En primer lugar, aclaro que desconozco si tal término existe en los estudios sobre desarrollo moral, un asunto en el que no soy especialista. Yo lo he venido usando –con bastante libertad, debo admitir— para referirme a la capacidad de una persona de, por un lado, proyectar el efecto de sus acciones sobre los demás y, por otro, imaginar los sentimientos ajenos. Es una variación de la “imaginación sociológica” de la que hablaba Wright Mills.
Imaginar, por supuesto, no es lo mismo que sentir. Yo no puedo sentir la alegría o el sufrimiento de otro pero puedo hacer conmensurable mi propia experiencia con la experiencia ajena. Por lo mismo, no me puedes pedir que comparta tu alegría o tu desgracia pero sí puedes esperar que la comprenda. Asimismo, yo no experimento todos los efectos de mis acciones pero hasta cierto punto puedo proyectarlos y evaluar si causarán más daño que bien.
Una de las razones por las que cada vez me resulta más difícil sentir asco o desprecio por los demás, incluso por aquellos que han perpetrado horrendas atrocidades, se debe a que he llegado a la convicción de que una tarea verdaderamente revolucionaria y que cambiaría el mundo definitivamente es extender la imaginación moral hacia el entendimiento antes que la condena.

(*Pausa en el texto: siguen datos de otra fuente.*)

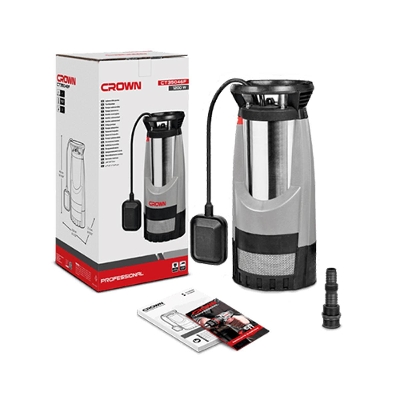 Picture of CROWN Submer Pump 1200W CT35046F - Kings Trading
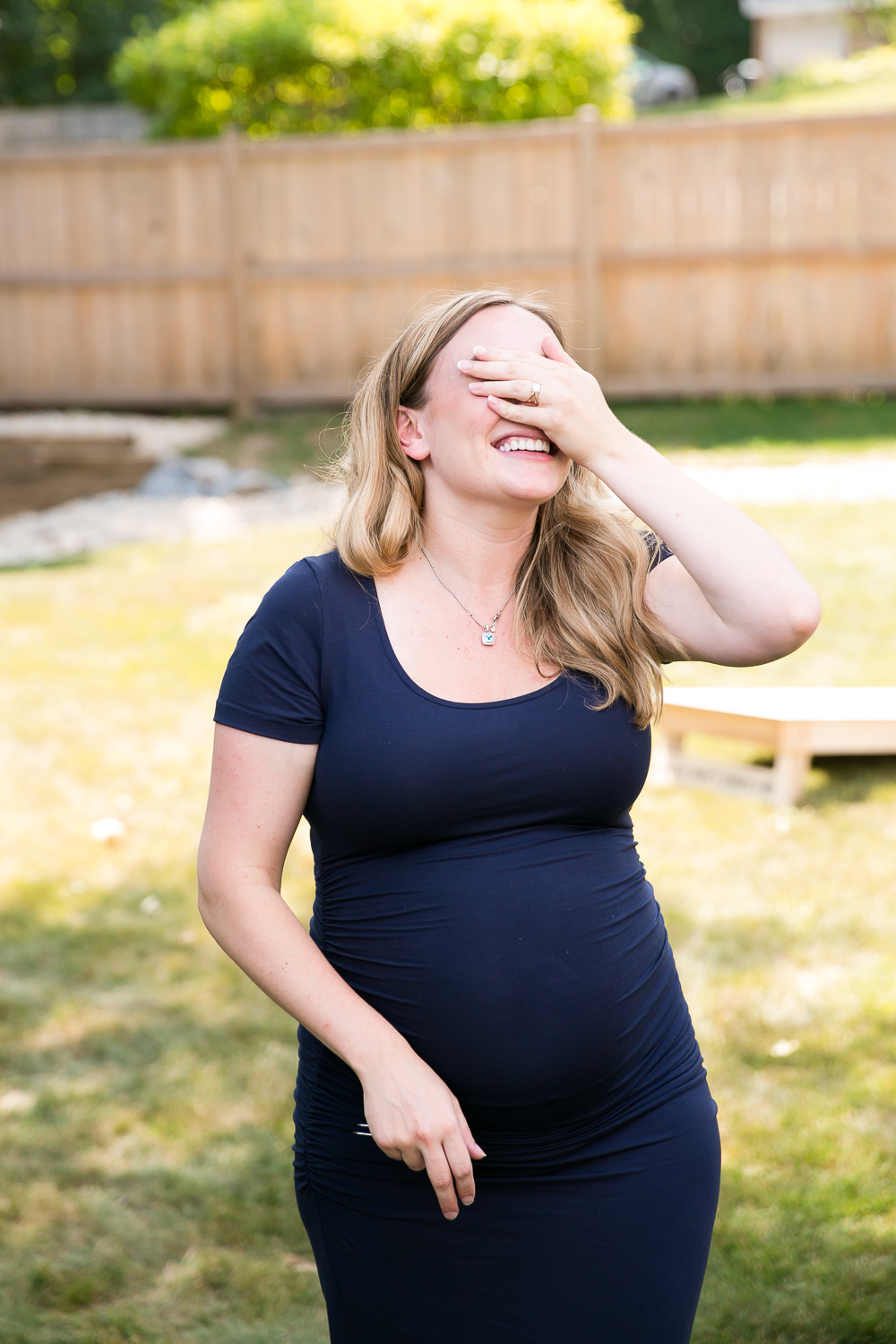 Chicago Gender Reveal Photos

Lo interesante de la columna de Aldo Mariátegui es la profunda desconexión que evidencia entre el sufrimiento propio y el ajeno. Aldo Mariátegui considera que cabe recordar cómo el gobierno socialista de Velasco le aguaba la Navidad al impedir la importación de juguetes que otros –los que tenían la fortuna de tener padres con mucho más dinero— sí podían tener. Advirtamos que el director de Correo no es totalmente ignorante de lo que le sucedía a otros. Veamos este pasaje de su texto:
Lo interesante es que Mariátegui considere necesario expresar aquello que “le jode mucho” pero que no se plantee el derecho de otros a lo mismo. Para Mariátegui, no haber tenido ciertos juguetes cuando él era niño es un motivo más de justa ira y condena a un gobierno que considera oprobioso. Pero cuando se trata de niños que han visto asesinados a sus padres o de madres que han sufrido la desaparición de sus hijos la evaluación moral cambia radicalmente. Como me comentaba un amigo, ahora sabemos que Aldo Mariátegui no es un enemigo de la memoria. Es, en realidad, amigo de una memoria selectiva: aquella que comprende el sufrimiento de él y de otros como él.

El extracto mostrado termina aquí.